Intel to Shutter Yerushalayim Production Facility

YERUSHALAYIM
Intel (Flash90)
Intel. (Flash90)

International tech giant Intel is closing its Yerushalayim production facility, the company announced Wednesday. The move will affect some 170 workers, most of whom will be transferred to the company’s Kiryat Gat production facility. A research and development center at the Har Chotzvim high-tech industrial zone of Yerushalayim that employs about 100 people will not be affected.

Earlier this year, Intel announced that it was planning to lay off about 11 percent of its 100,000 plus workforce, as it refashions itself from a hardware manufacturer to a maker of smart devices and systems – part of the “Connected Device Big Data” revolution, in which common objects and appliances from refrigerators to washing machines to cars will be connected to servers, which will collect and analyze data, spitting back metrics, suggestions, or instructions.

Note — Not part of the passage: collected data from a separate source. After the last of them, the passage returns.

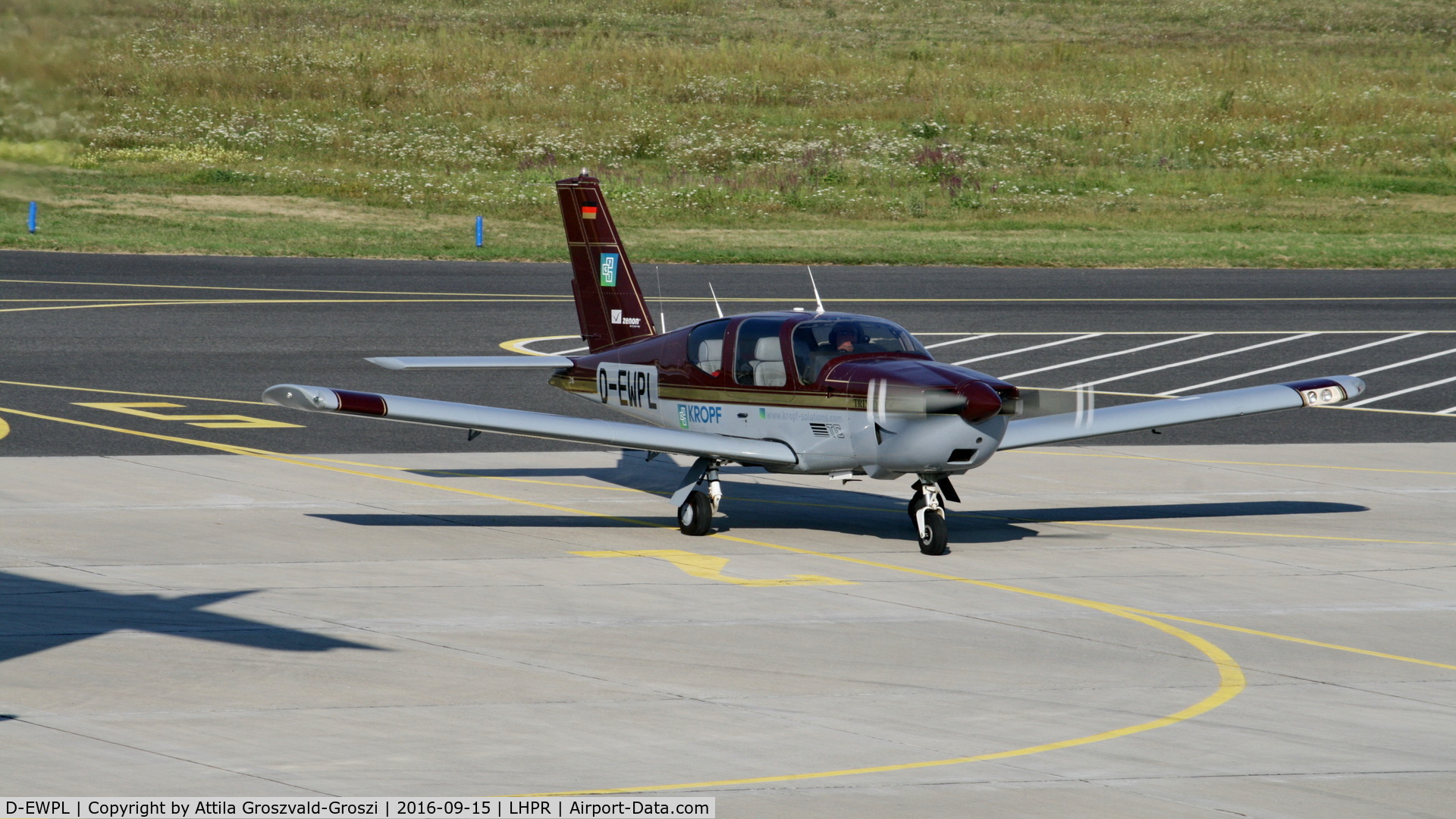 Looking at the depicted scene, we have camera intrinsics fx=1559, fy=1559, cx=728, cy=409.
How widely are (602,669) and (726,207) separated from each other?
40.9 metres

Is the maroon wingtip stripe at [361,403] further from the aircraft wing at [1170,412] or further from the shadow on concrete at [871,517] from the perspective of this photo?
the aircraft wing at [1170,412]

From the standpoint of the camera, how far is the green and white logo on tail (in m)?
18.6

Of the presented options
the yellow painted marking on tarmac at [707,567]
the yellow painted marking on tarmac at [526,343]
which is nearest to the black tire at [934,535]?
the yellow painted marking on tarmac at [707,567]

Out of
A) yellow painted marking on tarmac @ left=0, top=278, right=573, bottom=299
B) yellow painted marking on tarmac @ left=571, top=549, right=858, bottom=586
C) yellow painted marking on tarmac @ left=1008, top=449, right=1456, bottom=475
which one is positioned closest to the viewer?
yellow painted marking on tarmac @ left=571, top=549, right=858, bottom=586

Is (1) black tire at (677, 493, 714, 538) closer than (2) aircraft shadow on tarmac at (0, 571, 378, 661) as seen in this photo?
No

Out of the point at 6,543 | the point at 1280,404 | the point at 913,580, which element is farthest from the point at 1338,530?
the point at 6,543

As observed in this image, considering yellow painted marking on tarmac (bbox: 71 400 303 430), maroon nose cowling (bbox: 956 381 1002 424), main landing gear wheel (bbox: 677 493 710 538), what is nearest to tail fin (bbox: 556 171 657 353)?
main landing gear wheel (bbox: 677 493 710 538)

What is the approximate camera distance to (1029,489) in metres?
18.6

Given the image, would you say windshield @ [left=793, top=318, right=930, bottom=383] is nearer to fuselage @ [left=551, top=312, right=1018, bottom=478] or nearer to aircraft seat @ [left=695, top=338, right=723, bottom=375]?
fuselage @ [left=551, top=312, right=1018, bottom=478]

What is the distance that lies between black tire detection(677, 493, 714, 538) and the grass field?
2403 cm

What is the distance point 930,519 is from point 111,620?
23.7ft

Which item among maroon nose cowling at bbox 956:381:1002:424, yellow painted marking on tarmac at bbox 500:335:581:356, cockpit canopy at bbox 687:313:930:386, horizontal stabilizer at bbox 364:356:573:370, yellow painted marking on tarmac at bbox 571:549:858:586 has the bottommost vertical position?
yellow painted marking on tarmac at bbox 571:549:858:586

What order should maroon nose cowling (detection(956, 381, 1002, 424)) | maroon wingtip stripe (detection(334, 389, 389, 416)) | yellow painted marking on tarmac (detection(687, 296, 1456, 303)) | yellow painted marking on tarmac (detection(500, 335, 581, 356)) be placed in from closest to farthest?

Already, for example, insurance companies are using sensors to collect data on drivers’ habits and communicating it back to headquarters, where metric analysts use the information to decide how good or bad a risk a driver is based on their real-time driving habits. Proponents of such systems say that it will motivate safe driving, as drivers will get rewarded or penalized for their constant safe driving – and not for the fact that they did not get into accident. Opponents say that it constitutes an invasion of privacy.

The workers will be transferred to Intel’s processor fabrication facility in Kiryat Gat, which is currently producing the company’s Skylake processor, used in the latest generation of laptops and handheld devices sold by the many manufacturers that use Intel processors and components. In 2014, Intel announced that it would upgrade the facility to allow for the production of Skylake and the next generation of Intel processors.

Intel chose Kiryat Gat after a lengthy selection process, in which Israel was pitted against locations in the U.S., Ireland, and India for the upgrade. Their decision was helped by the granting to Intel of benefits worth $600 million through 2022, in which the company will get hefty discounts on taxes and receive other benefits. In return, the company committed to increase its presence in Israel, continuing to hire workers, especially at Kiryat Gat.

Intel Israel is the country’s largest high-tech employer, with over 10,000 employees in locations around the country, many of them engaged in research and development. According to the company, it is responsible for the employment of about 30,000 people in Israel who work at companies supplying it with products and services.